A yearly faculty evaluation is not like a walk in the park—whether you’re the academic leader implementing it or the teacher on the receiving end. When properly constructed and enacted, however, a comprehensive faculty development framework that includes an evaluation piece can improve staff culture, reduce legal risks, and bolster school enrollment.
(Within this article, we reference our advisory letter, Ideas & Perspectives. That publication is only available to ISM members. If you’d like to learn more about becoming a member, visit our membership page.)
Of course, when that happens, student performance often improves, too—so having a great faculty evaluation and process is imperative.
ISM advocates a two-pronged approach. The first task, the evaluation, focuses on your school’s “essential expectations,” offering a pass-or-fail rubric of factors that apply to everyone. Following the basic evaluation, leaders and teachers can spend most of their time creating “professional growth” plans that are specific to the teacher.
Is your school getting the most from your faculty evaluation?
Look for these five signs to see if it’s time to revamp your staff assessment.
Whether your faculty evaluation is fantastic or faulty, your communication about why you conduct it can make a huge difference in how effective it will be.
Let your faculty know that it is not your intent to criticize their techniques or classroom results—it’s about holding them to a consistent standard. The evaluation is designed to hold everyone to a consistent standard.
Evaluations are typically thought of as a tool used to determine job security. While it can trigger corrective action when needed, the main intention is to simply confirm that everyone is conforming to the elements you believe vital for employment.
After undergoing a successful evaluation, teachers can work with their growth coach to form goals and work toward them. When teachers worry, they may not do it at all—and that does not encourage growth for your teacher, the students, or the school on the whole. Having time to discuss how individual teachers can innovate is vital.
#2—It’s not consistent.
According to ISM’s research, only 51% of teachers agree or strongly agree that their evaluation procedures are consistent or constructive.
This comes down to the basic evaluation process. Do you pop your head into the classroom randomly once—or a few—times a year and write a report based on what you see?

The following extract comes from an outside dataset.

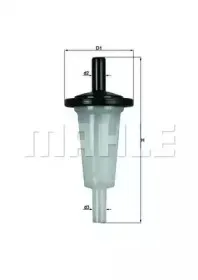 Топливный фильтр MAHLE ORIGINAL купить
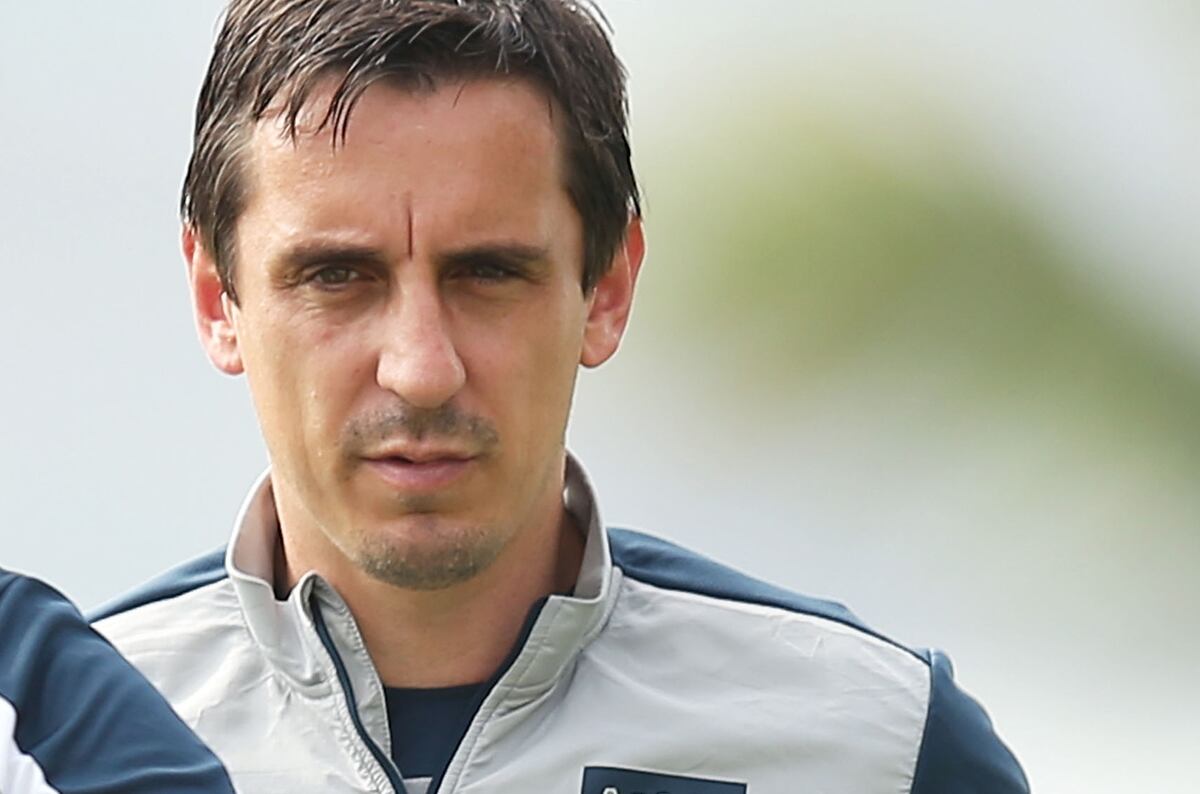 Gary Neville Trolled by Signed Guitar from Manchester City ...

A teacher may not feel that provides a level playing field for a faculty evaluation (though it can be handy to assess other areas of performance).
Schedule time for evaluation. This allows the teacher to prepare and organize information about new programs or teaching methods.
#3—It’s not objective.
When evaluation isn’t objective, a teacher may feel singled out—or fearful for their job. Without holding every teacher to the same evaluation standards, the review doesn’t maintain objectivity. Instead, the faculty evaluation should be an assessment of “essential expectations.”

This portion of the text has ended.